The day I got a phone call from the people behind the Mercury Music Prize, I thought somebody was having a laugh. We'd like you to be a judge, said the nice chap on the phone, but first you have to meet me for a pint in a pub. Surely this was a wind-up. But then I met the lovely Kevin over lagers and cheese and onion crisps, he said why they wanted me, he said what it involved – listening to mountains of CDs for no money, but for other glorious rewards, like a great time, free records, and a lifetime being slagged off by people on newspaper comment boards – and this woman, bowled over, gave a huge, beaming yes.
2007 was a strange year to start. New-rave was fluttering its brightly coloured sleeves at the time, and the Klaxons scooped the prize, to mixed reviews – and yes, the album I loved belly-flopped before the final hurdle. A year later, however, the opposite happened. The Seldom-Seen Kid leapt over it elegantly, smiled at the crowd, and made the finishing line with a big, burly flourish.
The record still gets better every time I hear it, each track holding its own, special magic, but Starlings is the song that still grabs me by the scruff of the neck. The fluttering beat, like a heart waking up, those thick vocal harmonies rising up slowly, and the soft, simple piano figure whirring the song into action, before brass is suddenly shaking us, BLASTING US into life. Then the story unfurls beautifully. There's the humour of Guy Garvey's complaints about the Premier ignoring his invitations; the way he says "bunch" in that big, Bury gulp; the dreams about marriages in orange groves; the brilliant idea of asking your beloved to "back a horse that's good for glue", and the perfect rhythms of one of the sweetest couplets ever committed to melody – "You are the only thing/In any room you're ever in".

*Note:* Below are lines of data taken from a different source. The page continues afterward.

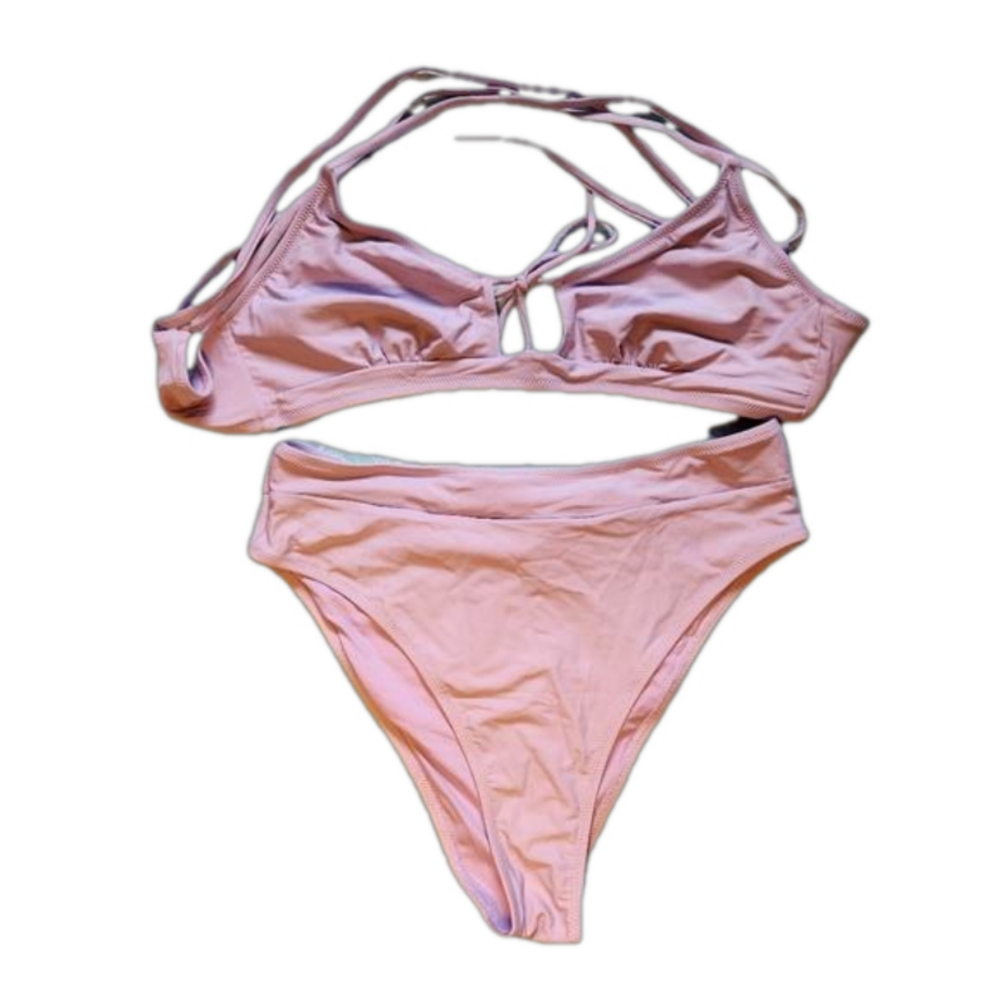 3/$25 Cupshe pastel lavender purple bikini size XL tie back adjustable fit NWT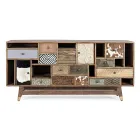 Ethnisches Sideboard aus recyceltem Mangoholz und Akazie Homemotion - Auriel Viadurini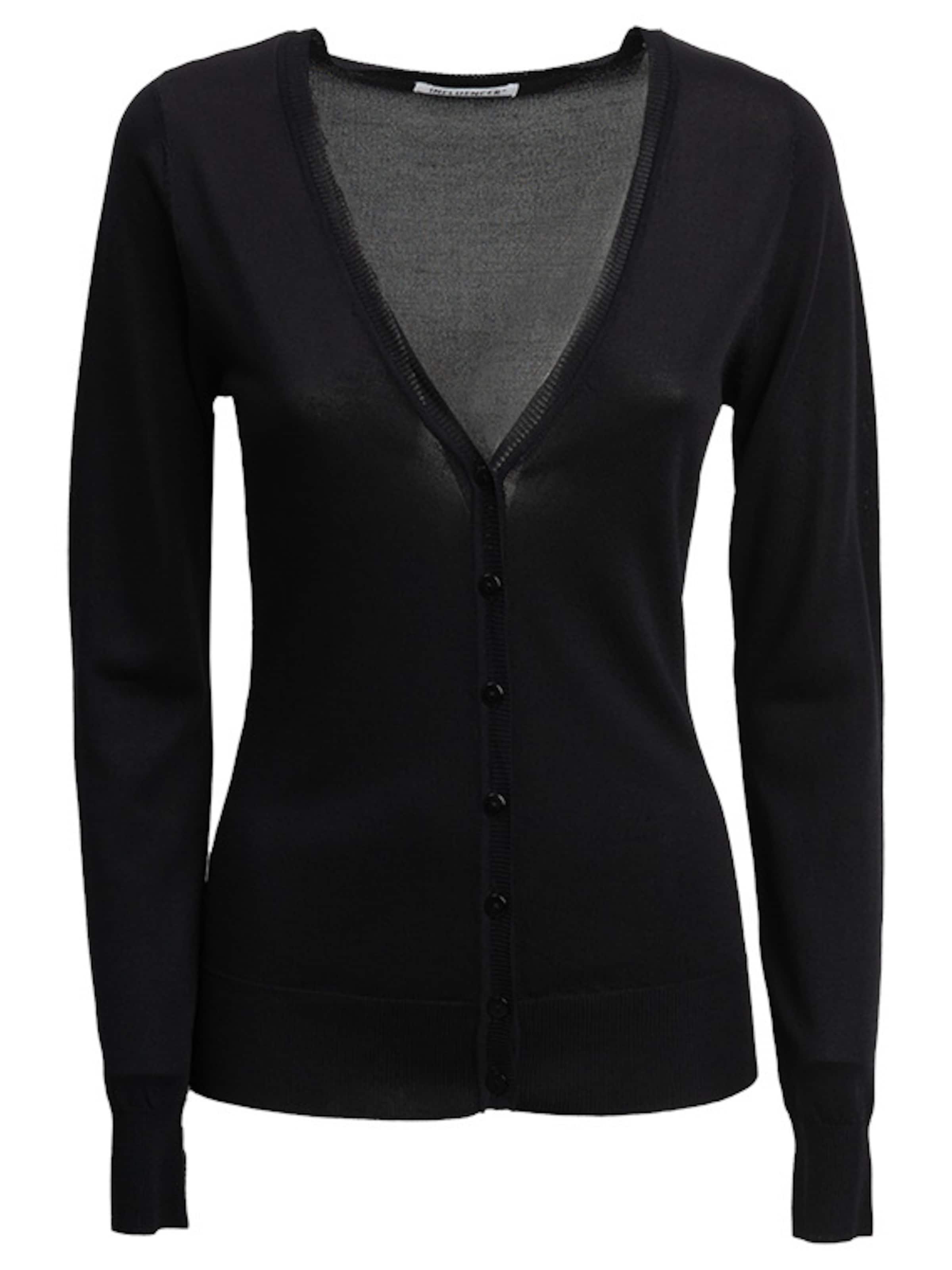 Influencer Плетена жилетка в черно: отпред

Then the flocks of starlings circling as he looks into her eyes, the understated perfection of the murmured "Darling, is this Love?", that blast again, suddenly louder, more true. The idea of romance infused with reality being so much more romantic; the language of love, plain, dirty and simple, flavoured with alcohol and cigarettes, blood, sweat and tears.

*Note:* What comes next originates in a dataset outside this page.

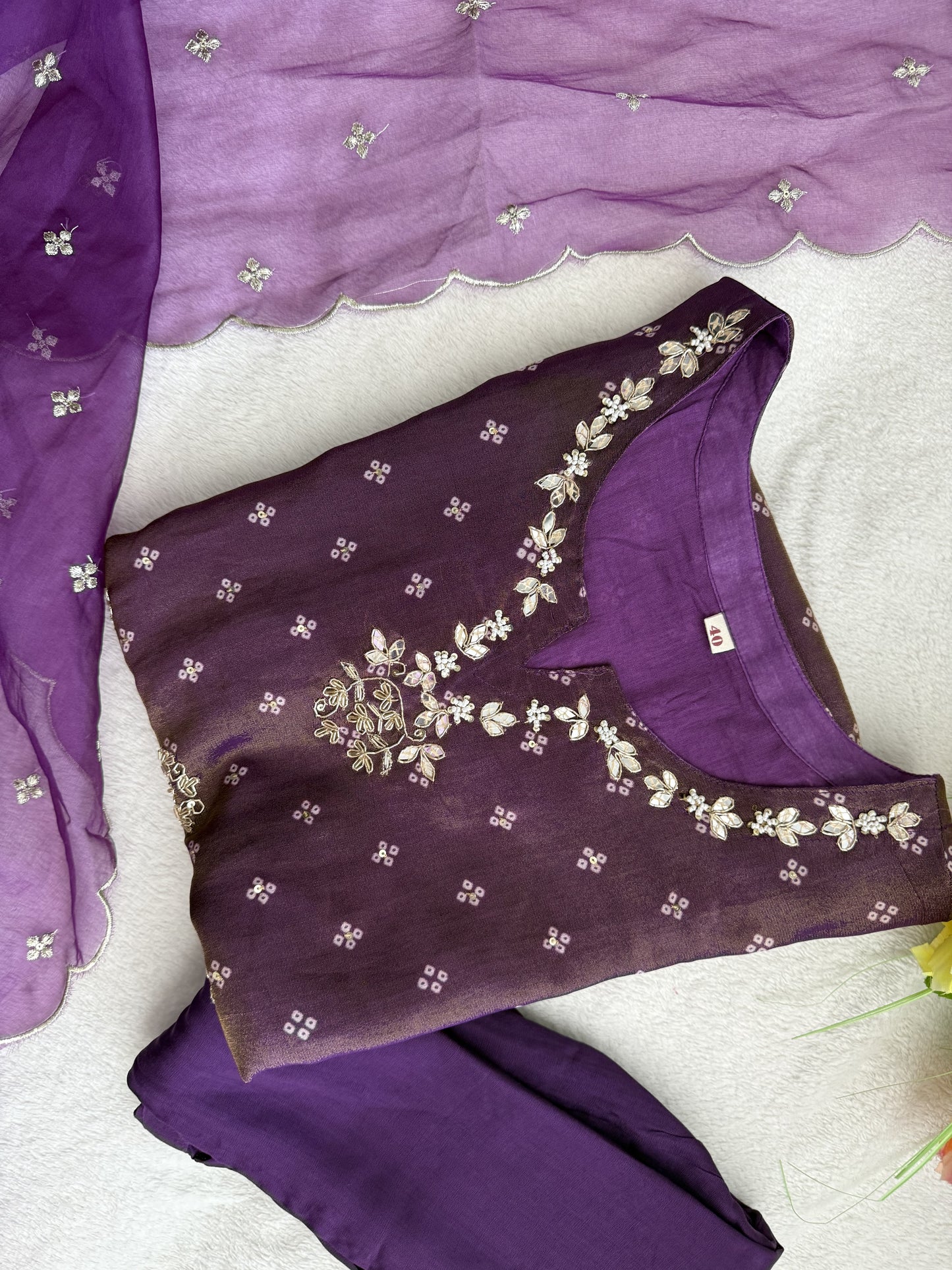 Purple tissue festive wear kurti set with organza dupatta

When Elbow won that September, everyone was overjoyed. I had to talk on TV for ten seconds about how wonderful they were, so I babbled a bit, full of happiness and wine. I then watched the band speak to Lauren Laverne, and as they walked off – me being bolstered by booze – I grabbed Garvey by the arm. I told him I was a judge, that I was over the moon, and could I give him a hug – such a terrible, embarrassing fan-girl thing to do. Thankfully, he said yes. He cuddled me back like a big, lovely bear, but dropped his wine glass as he did so, and I was asked by an official, passing by, to get him another.
I can still see Garvey defending my honour, even more full of happiness and wine than me. "SHE'S A JUDGE", he sang brightly, sounding even more precious than he did on record. "She can do whatever she FUCKING WELL LIKES". Not exactly "Come with me, sweetheart, to an island made for two", but a defence nonetheless, and one that he finished with an extra squeeze of my arm, another kiss on my cheek. Thinking of it now, I'm still smiling, the starlings still circling, and the victory lap is still ours for the taking.

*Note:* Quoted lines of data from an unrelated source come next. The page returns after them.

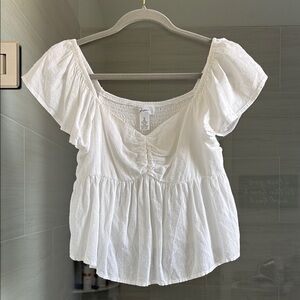 Japna Women's Cotton Smocked White Ruffled Top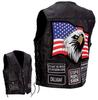 Gilet Jacket en cuir " Aigle / American Flag " pour Bikers Taille M 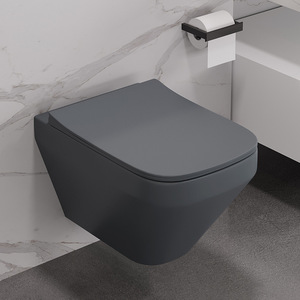 Sanitaire Salle de bain de luxe Céramique <span class=keywords><strong>Noir</strong></span> Carré Toilette suspendue au mur Toilette suspendue <span class=keywords><strong>rectangulaire</strong></span> - Product Image 6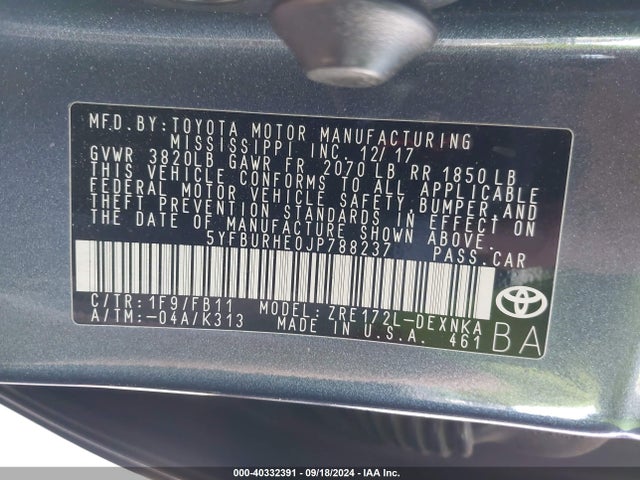 Toyota COROLLA LE 2018 5YFBURHE0JP788237 Image 9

Because it's sometimes too simple to look back and look far. Too easy to forget the songs, and the feelings, that have come into life lately. A dark room in the ICA, four shy teenagers, their music so spacious, every tiny part of it shining with magic, with light, and with power. The album in the kitchen, again, again, again, the first one for years to have that sort of impact, the sad, country guitar sounds, the electronics, the darkness, the sink filling with water, over my hands, over the sides, to the floor, as I stood there, captured by it, letting it in.
Sometimes I think that music is an agent of witchcraft, a spell – it can wipe our minds clean, it almost will us to merge with it. It makes me feel just like Shelter suggests – "Could I be? Was I there?/ It felt so crystal in the air". Hearing it in my kitchen, in Dan's living room, on my headphones, in the Hoxton Hall, in the Village Underground, in the Bowery Ballroom, and it taking me away, burrowing me inside it, every time. Hearing Romy singing, "Please teach me gently/How to breathe", my chest rising for her.